Yemen gets millions to fight malaria [Archives:2007/1020/Local News]
SANA'A, Jan. 27 ) The Gulf Cooperation Council Health Minister agreed on Wednesday to grant Yemen $17 million to combat malaria.
The grant, which is a part of a plan aimed to eliminate malaria from the Arabian Peninsula, came at the end of the annual conference of GCC Health Ministers which was held last week in Kuwait.
The minister of public health and population and head of the Yemen delegation, Abdul Karim Yahya Rasae, Yemen will work towards making the Arabian Peninsula free of malaria in coordination with World Health Organization.
According to health officials malaria is one of the most serious health problems in Yemen. Approximately 60 percent of the population live in areas with a malaria presence. It is estimated that the annual malaria cases in Yemen range between 800,000 and 900,000. However, WHO said that the number of reported cases in 2005 was only 200,560 which is reflection of poor malaria awareness.
The Ministry of Health said that Yemen had made progress in its fight against the disease. On Socotra the rate of infection of malaria fell from 36 percent to 1 percent, whereas the rate of infection in Tihama region was 46 percent in 1998, and it dropped to 11 percent in 2003. But WHO insist that Yemen is still one of most malaria-infected countries in the Middle East.
Low coverage for public health services and the National Malaria Control Program is still weak in terms of human resources and infrastructure and the high percentage of misdiagnosis are among other factors that lead to malaria in Yemen, said WHO.

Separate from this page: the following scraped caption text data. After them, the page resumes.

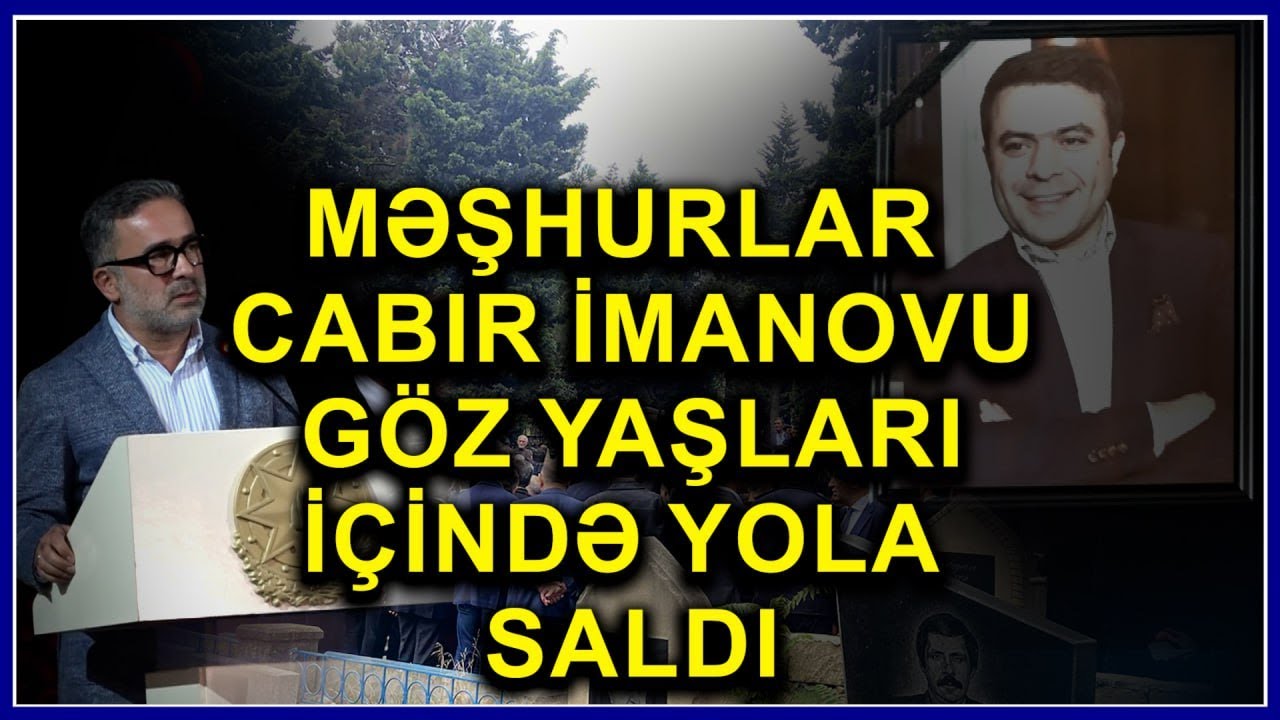 Cabir İmanovun vida mərasimindən heç yerdə GÖRMƏDİYİNİZ GÖRÜNTÜLƏR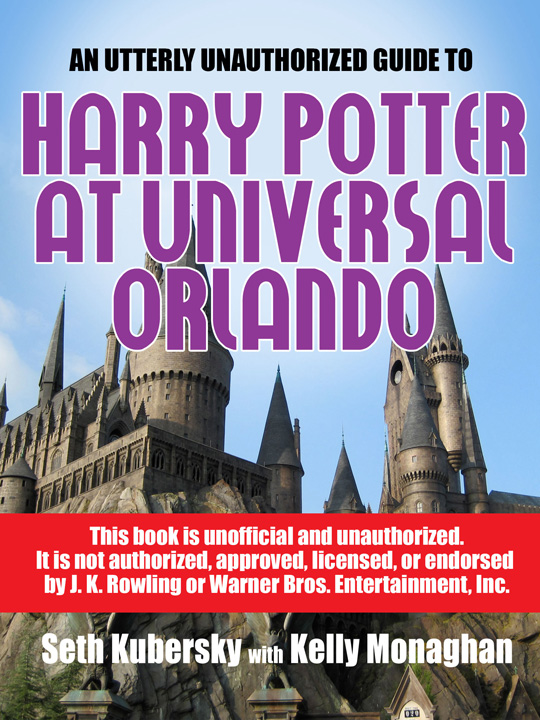 An Utterly Unauthorized Guide To Harry Potter at Universal Orlando by Seth - photo 1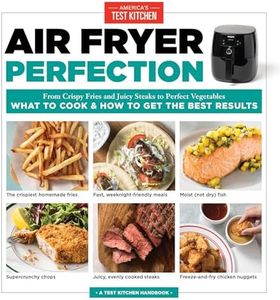 Air Fryer Perfection: From Crispy Fries and Juicy Steaks to Perfect Vegetables, What to Cook & How to Get the Best Results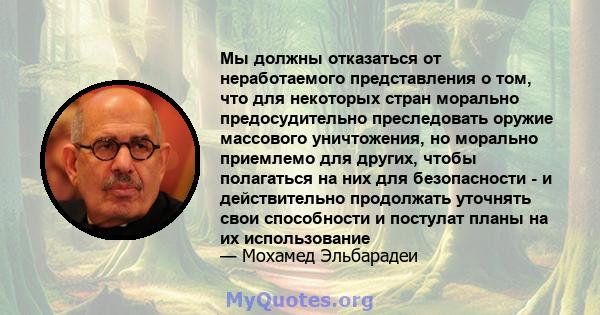 Мы должны отказаться от неработаемого представления о том, что для некоторых стран морально предосудительно преследовать оружие массового уничтожения, но морально приемлемо для других, чтобы полагаться на них для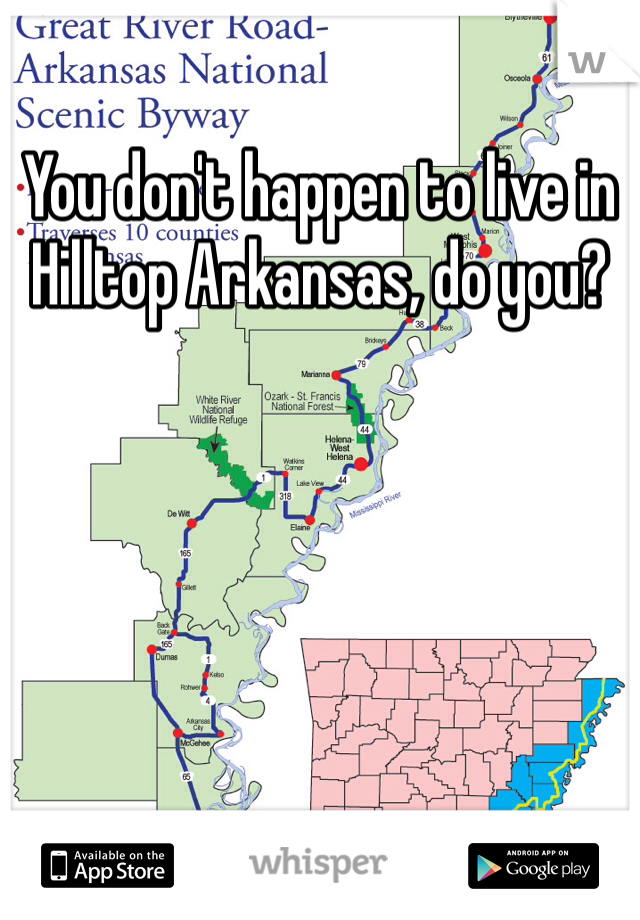 You don't happen to live in Hilltop Arkansas, do you?
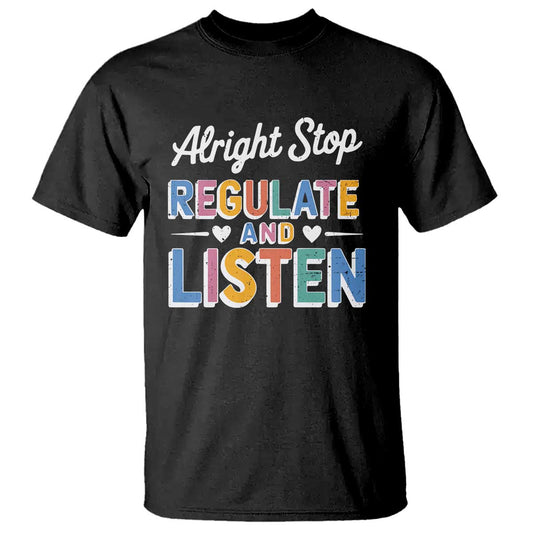 sped-teacher-t-shirt-alright-stop-regulate-and-listen
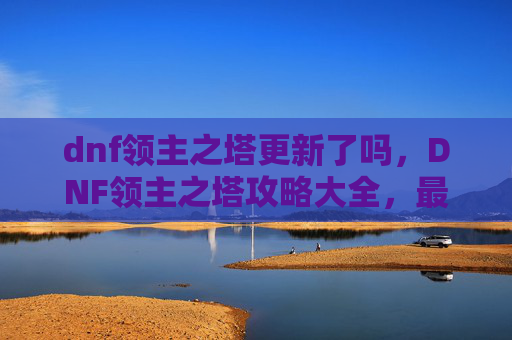 dnf领主之塔更新了吗，DNF领主之塔攻略大全，最新更新解析与技巧分享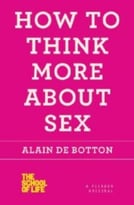 How To Think More About Sex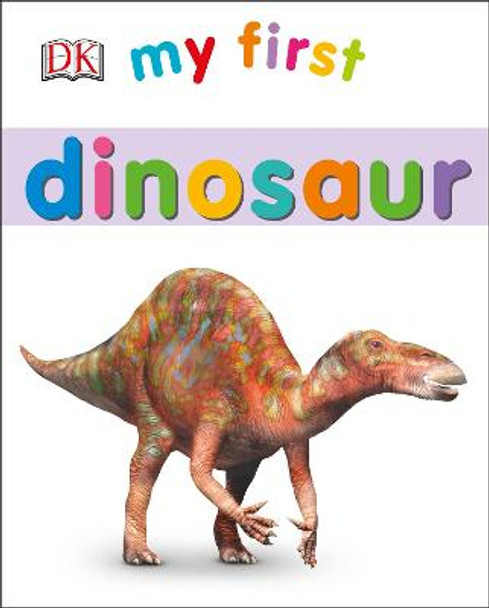 My First Dinosaur by DK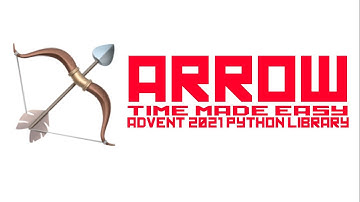 Arrow - Making Time easier in Python - Advent of Python Libraries, 2021
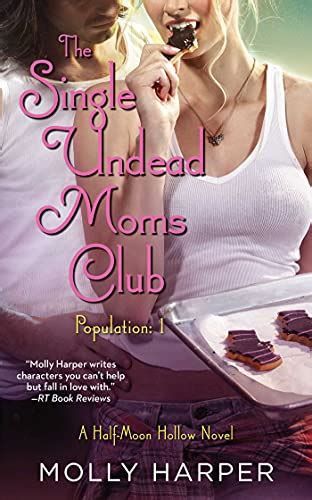 Read Online The Single Undead Moms Club Half Moon Hollow Series 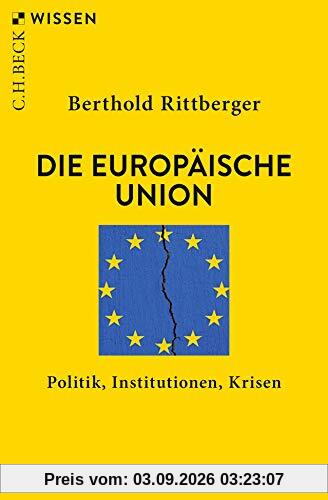 Die Europäische Union: Politik, Institutionen, Krisen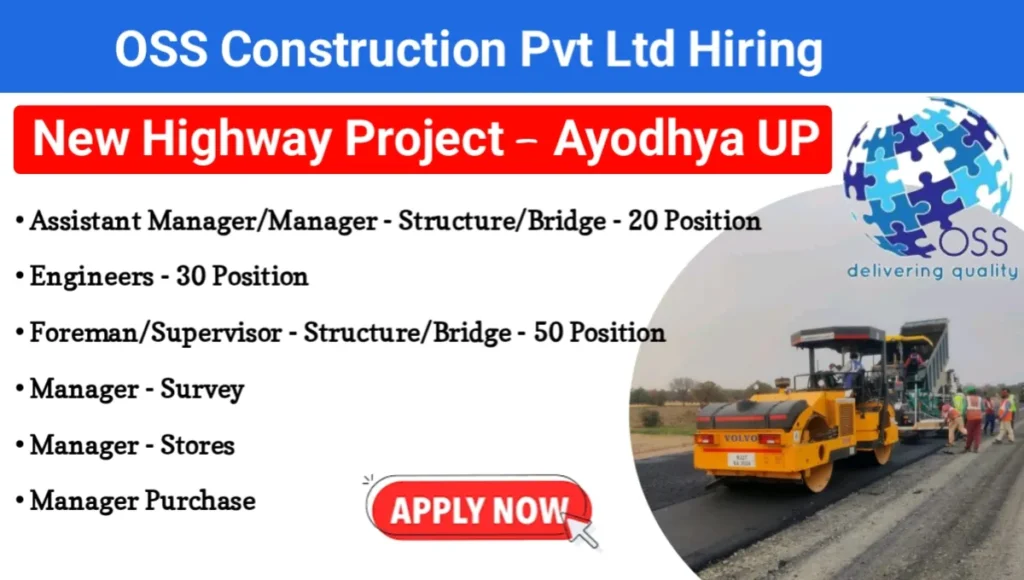 OSS Construction Pvt Ltd Vacancy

According to the WHO report, Yemen managed to control this disease successfully in 1980s. However, Yemen was hard hit in 1998 after an extremely heavy rain season. The number of annual cases during that period doubled from 1.5 million to three million, with mortality rate between 15,000 and 30,000.
In 2001, Yemen with the cooperation of WHO established its National Malaria Control Program whose strategy includes elements such as early diagnosis and prompt treatment, awareness and an information system and up of these reducing malaria mortality by 75 percent by 2010.